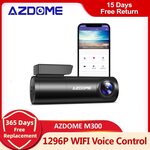 AZDOME M300 1296p WiFI Dash Camera w/ Capacitor US$18.69 (~A$28.11) Delivered @ Azdome Official Store AliExpress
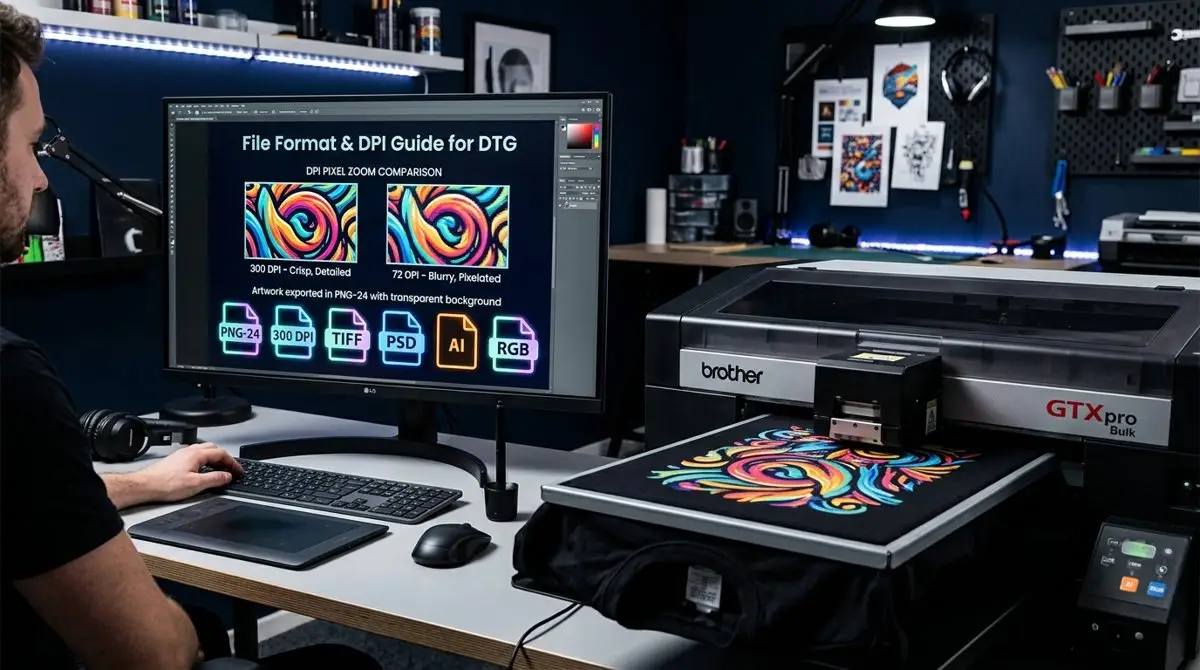 What File Format and DPI Resolution Is Required for DTG Printing?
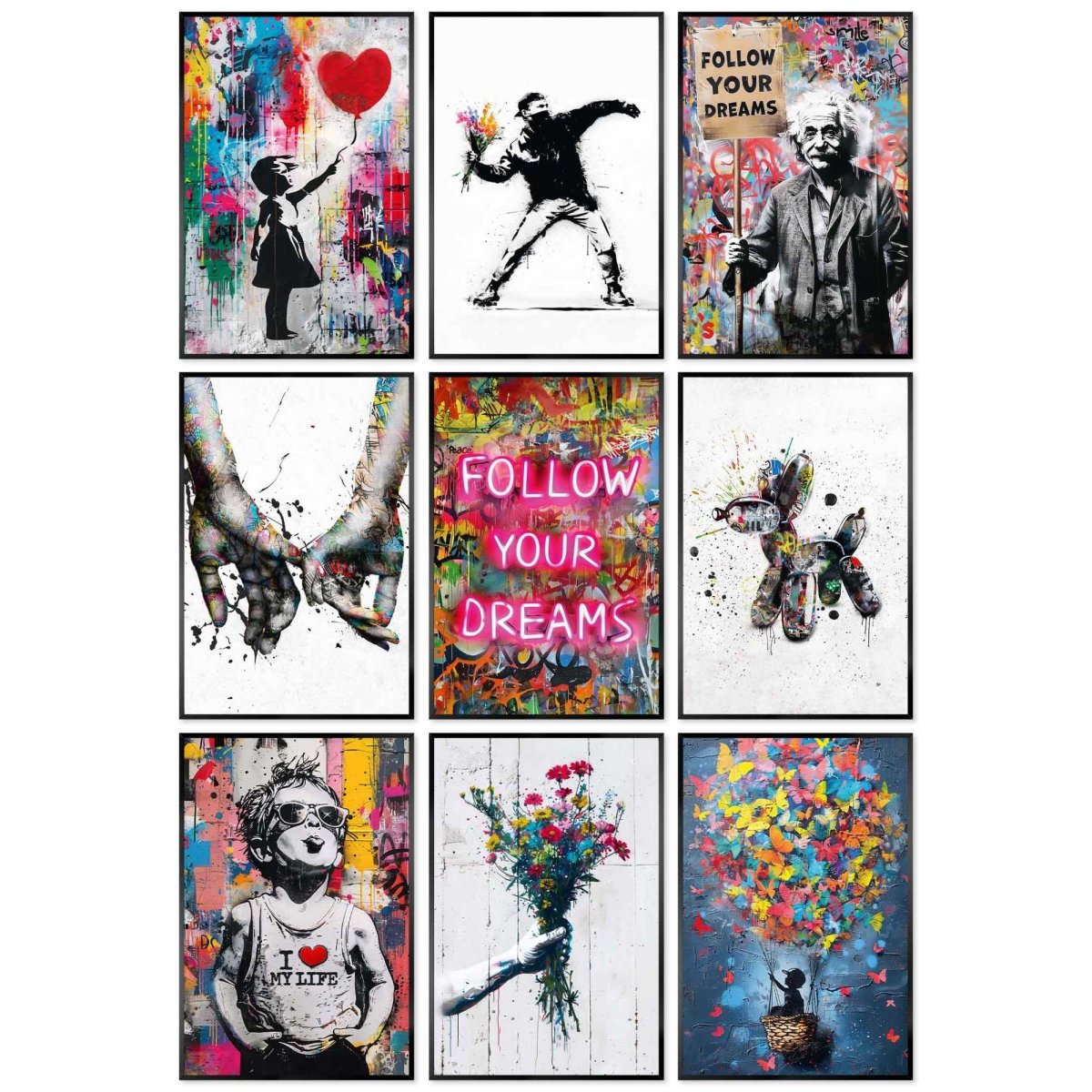 Schilderijen set Streetart Set 30x20 - Reinders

----------------------------------------

→ ABOUT THIS TASK
Write each line exactly as it appears, from the line that holds "What File Format" through the closing line of the data above, and leave every picture out.

→ SOLUTION FOR THIS PROBLEM
 What File Format and DPI Resolution Is Required for DTG Printing?
 Schilderijen set Streetart Set 30x20 - Reinders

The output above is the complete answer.